◆ Problem requirements
Excluding pictures, what does the listing below contain from the line with "Amber Heard, Autographed" up to and including the line with "Livsip Outdoor Dining", word for word?

◆ Supplied entries

☆ ☆ ☆ ☆

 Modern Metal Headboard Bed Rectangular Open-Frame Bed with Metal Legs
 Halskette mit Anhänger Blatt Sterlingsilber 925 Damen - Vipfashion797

☆ ☆ ☆ ☆

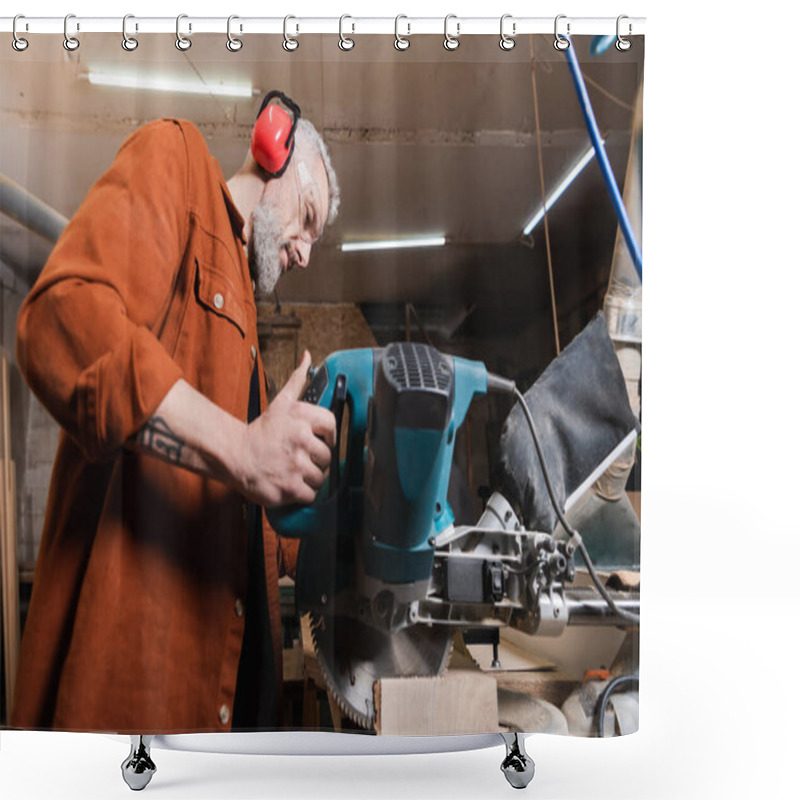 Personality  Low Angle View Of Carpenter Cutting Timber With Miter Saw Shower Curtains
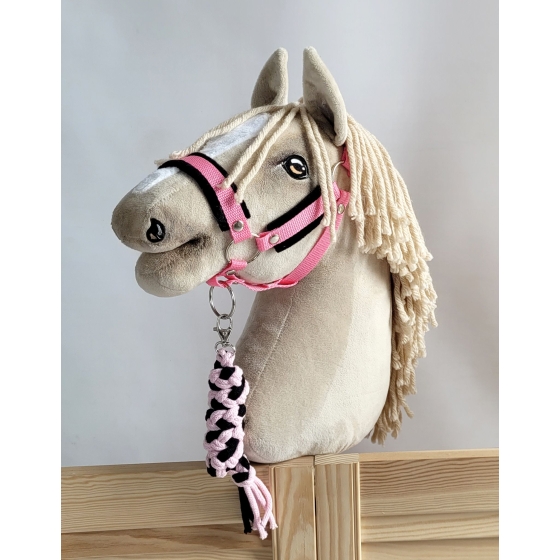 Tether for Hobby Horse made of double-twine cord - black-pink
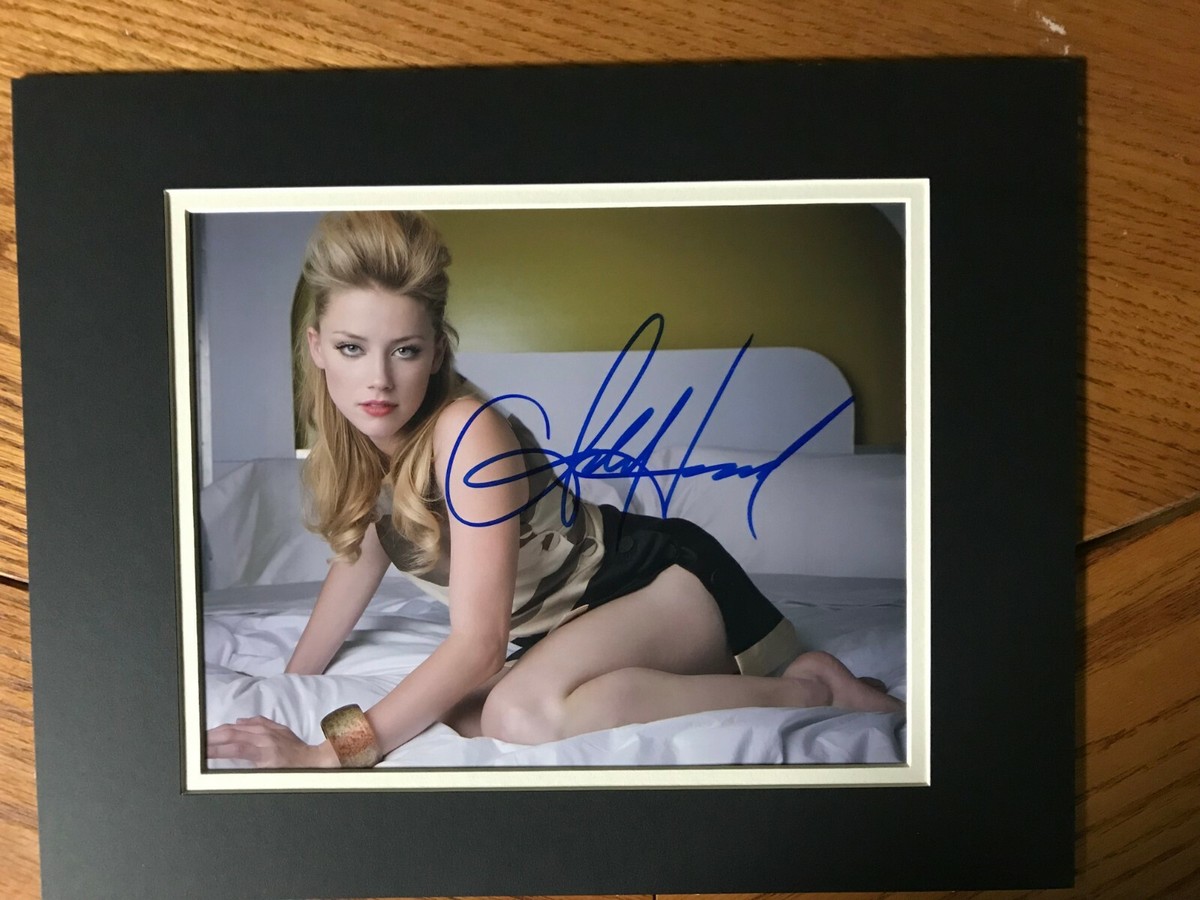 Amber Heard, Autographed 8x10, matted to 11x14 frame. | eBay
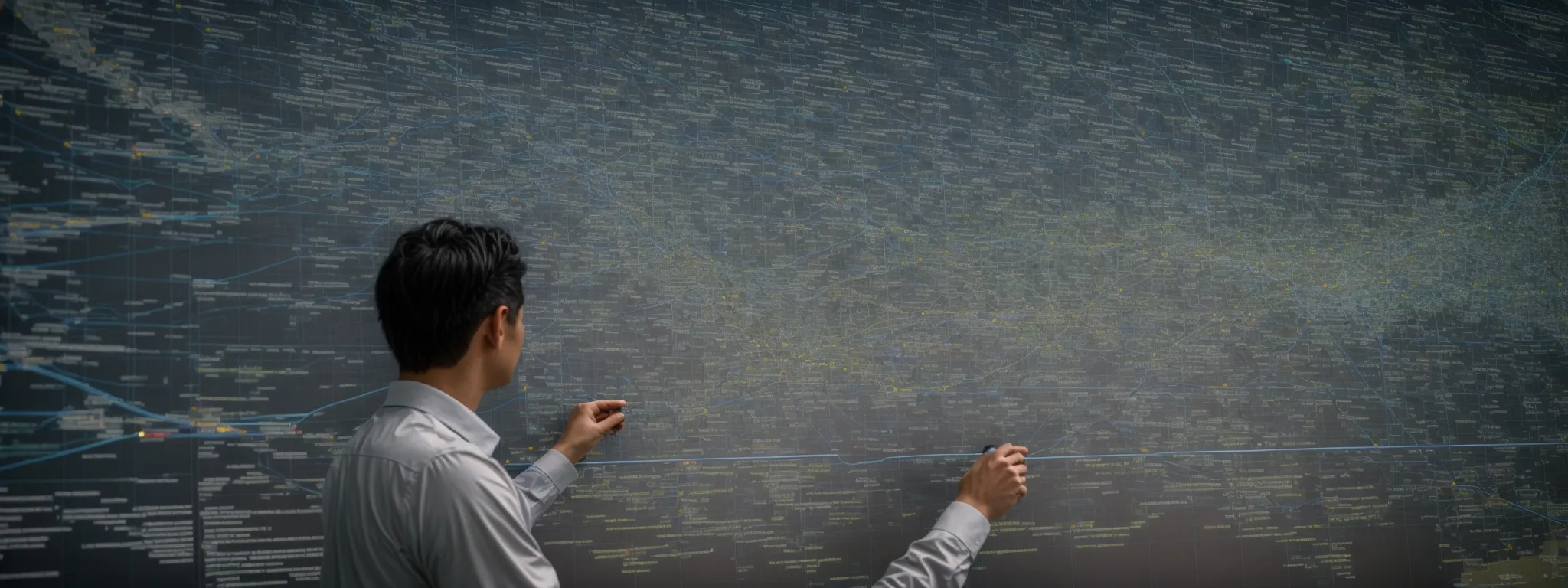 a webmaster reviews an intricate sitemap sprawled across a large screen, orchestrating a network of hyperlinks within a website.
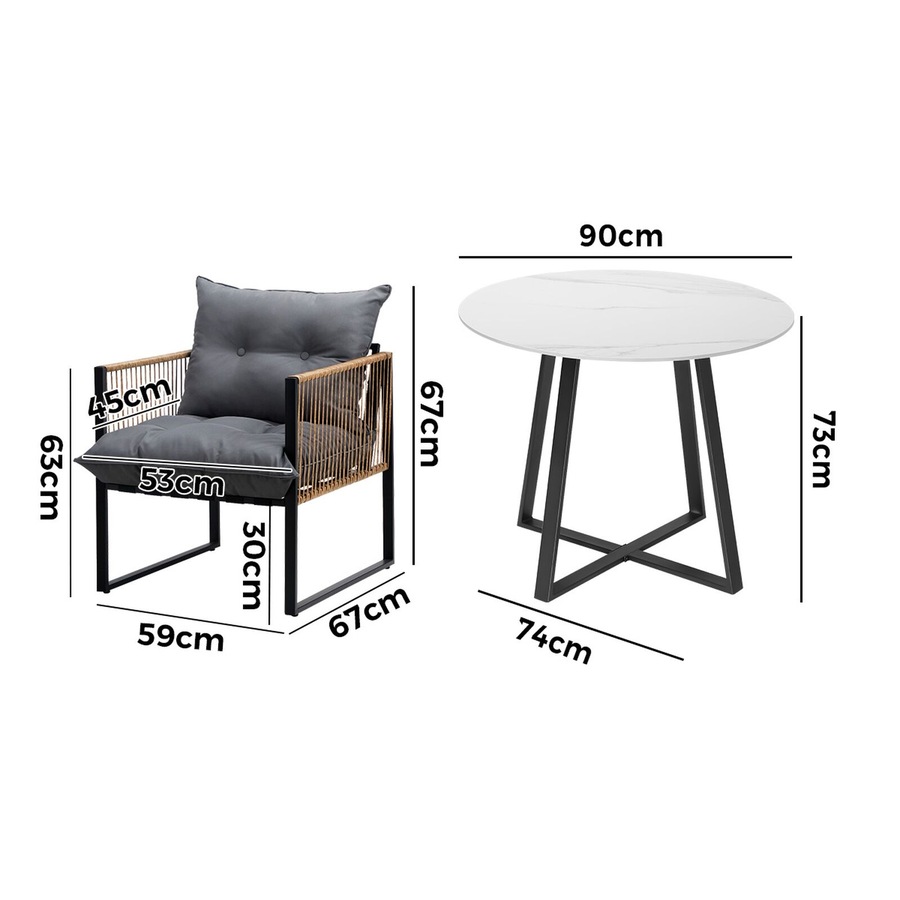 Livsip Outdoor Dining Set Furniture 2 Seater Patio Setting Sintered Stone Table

☆ ☆ ☆ ☆

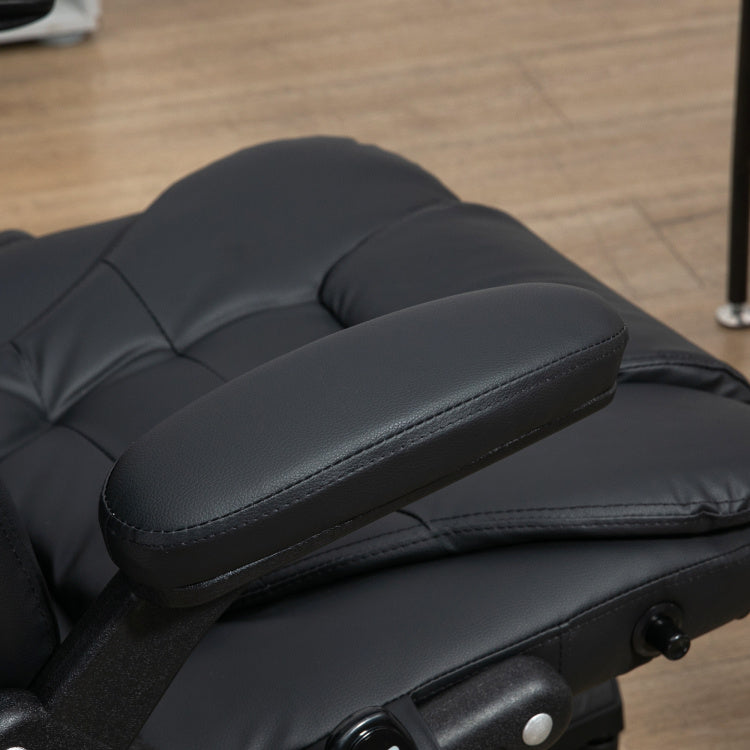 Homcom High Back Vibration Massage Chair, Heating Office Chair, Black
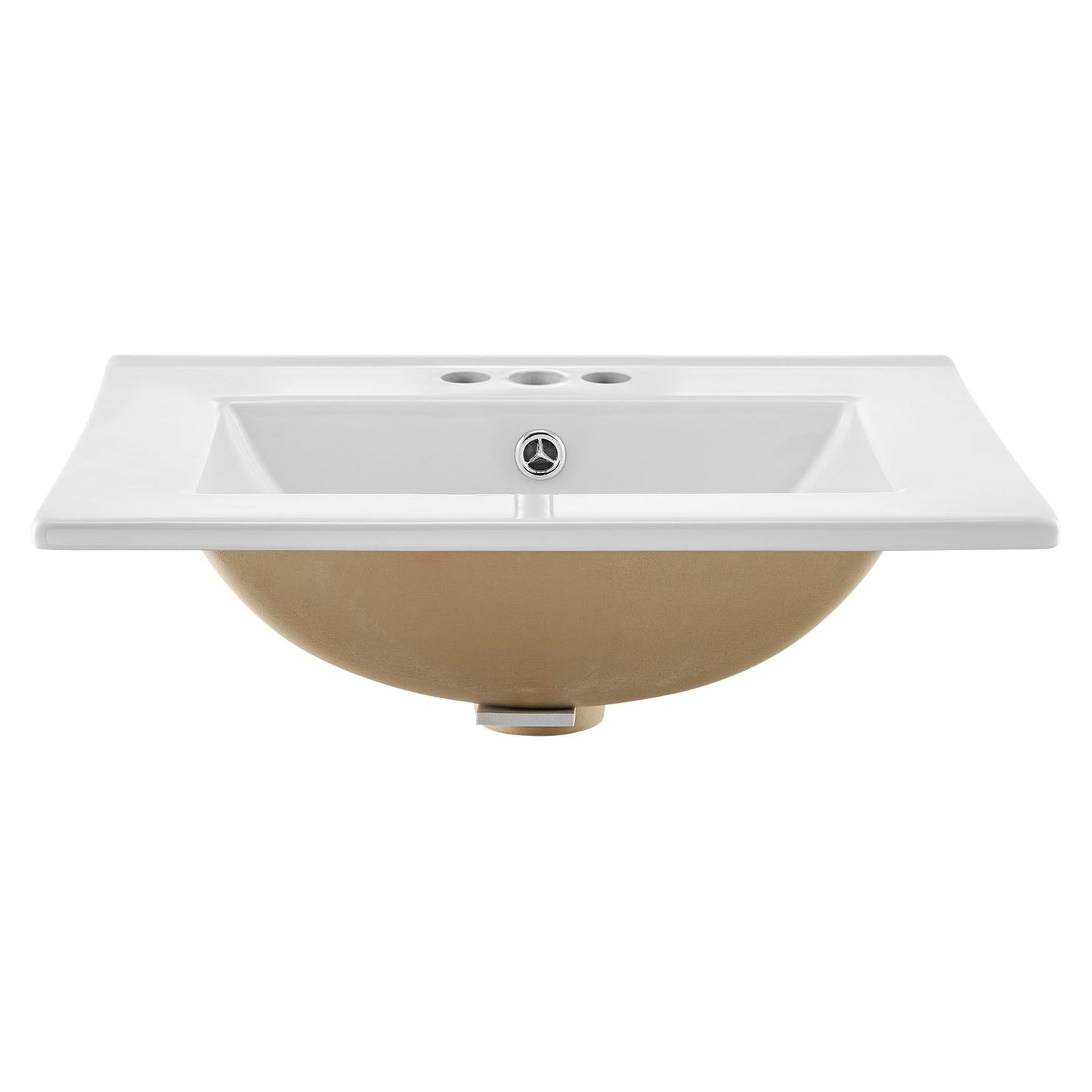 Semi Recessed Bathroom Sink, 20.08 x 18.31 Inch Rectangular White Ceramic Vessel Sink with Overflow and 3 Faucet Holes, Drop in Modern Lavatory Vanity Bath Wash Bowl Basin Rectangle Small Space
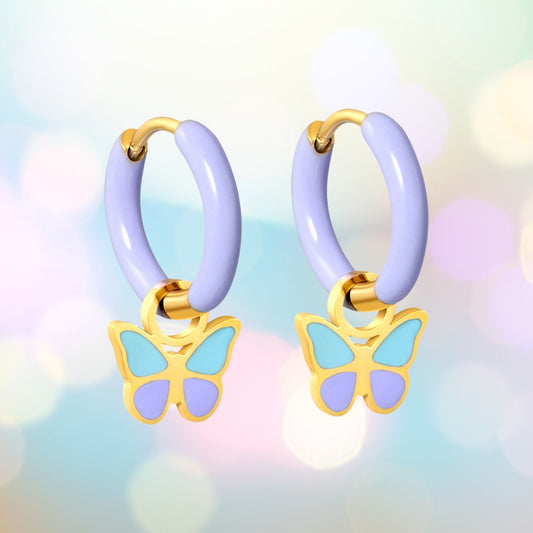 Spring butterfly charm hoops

☆ ☆ ☆ ☆

◆ Task answer
 Amber Heard, Autographed 8x10, matted to 11x14 frame. | eBay
 a webmaster reviews an intricate sitemap sprawled across a large screen, orchestrating a network of hyperlinks within a website.
 Livsip Outdoor Dining Set Furniture 2 Seater Patio Setting Sintered Stone Table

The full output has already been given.